A platform that recovers, say, several FTEs' worth of capacity per site doesn't add linearly across 20 or 40 sites — it compounds into the kind of margin expansion an MSO is built to deliver. And because the platform scales with volume rather than headcount, the back office stops being the function that needs a proportional new hire at every acquisition. Model it conservatively: assume 80 to 90% straight-through on routine volume, not 100%, present the per-site labor savings as the defensible floor, and let denial reduction and faster collections be tracked upside. Recovered hours usually become redeployed capacity, not layoffs — which is the right story for staff and still real money for the sponsor.
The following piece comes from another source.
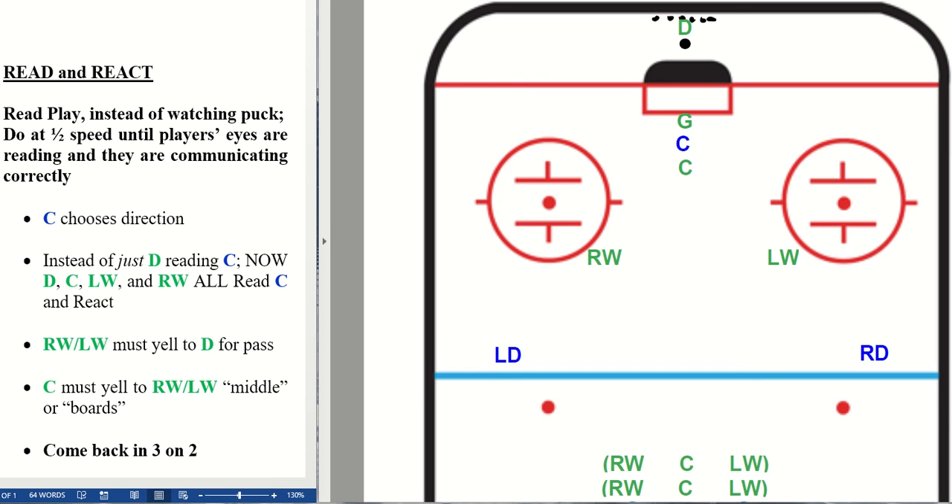This drill is called Read and React. It involves a lot of players and it's meant to be done at half speed until the players' eyes are reading and they are communicating correctly.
Make automation part of the M&A playbook
For a PE-backed MSO, the highest-leverage place to put automation is the integration runbook itself. Treating back-office automation as a standard post-close step — like consolidating banking or benefits — turns a recurring integration headache into a repeatable play.
The sequence is the same at every acquisition: connect the platform to the new site's EHR, turn on the highest-volume workflows first (usually fax and eligibility), run them in parallel until accuracy earns trust, then expand to prior auth, refills, denials, and payment posting. Because the workflows are already defined at the group level, each new site adopts the standard rather than inventing one. That repeatability is what makes automation a value-creation lever rather than a one-off IT project — every acquisition gets the same back office, on its existing EHR, without a migration.
Frequently asked questions
Do all our clinics need the same EHR to automate the back office?
No. A platform-agnostic automation layer connects to each site's existing EHR through APIs, HL7, or FHIR — and drives legacy systems through desktop automation when no interface exists. You standardize the workflow across sites while leaving each EHR in place, which avoids the cost and disruption of forcing every acquisition onto one system.
How does automation help during M&A integration?
It turns the back office into a repeatable post-close step. Connect the platform to the new site's EHR, switch on the highest-volume workflows, and the clinic inherits the group's operating standard without re-training staff into a new process. That makes each integration faster and more consistent than a manual standardization effort.
How do MSOs measure back-office performance across sites?
A platform running the same workflow everywhere produces the same metrics everywhere — straight-through rate, turnaround time, and exception volume per workflow, per site. That shared instrumentation lets ops leaders compare sites on equal footing and direct attention to the backlog or the underperforming acquisition instead of guessing from inconsistent spreadsheets.
Does centralizing automation mean cutting staff at each site?
Usually not. Automation removes the repetitive keying and follow-up so site staff shift to working exceptions and patient-facing tasks. Most MSOs redeploy the recovered capacity into coverage and growth rather than reducing headcount, which keeps experienced people in place while still expanding margin across the portfolio.
How quickly can a new acquisition be brought onto the platform?
It depends on the site's EHR and the integration path, but because the workflows are already defined at the group level, onboarding is largely a connection-and-tuning exercise rather than a process-design project. Most sites start with one or two high-volume workflows in parallel, then expand as accuracy earns trust over the first weeks.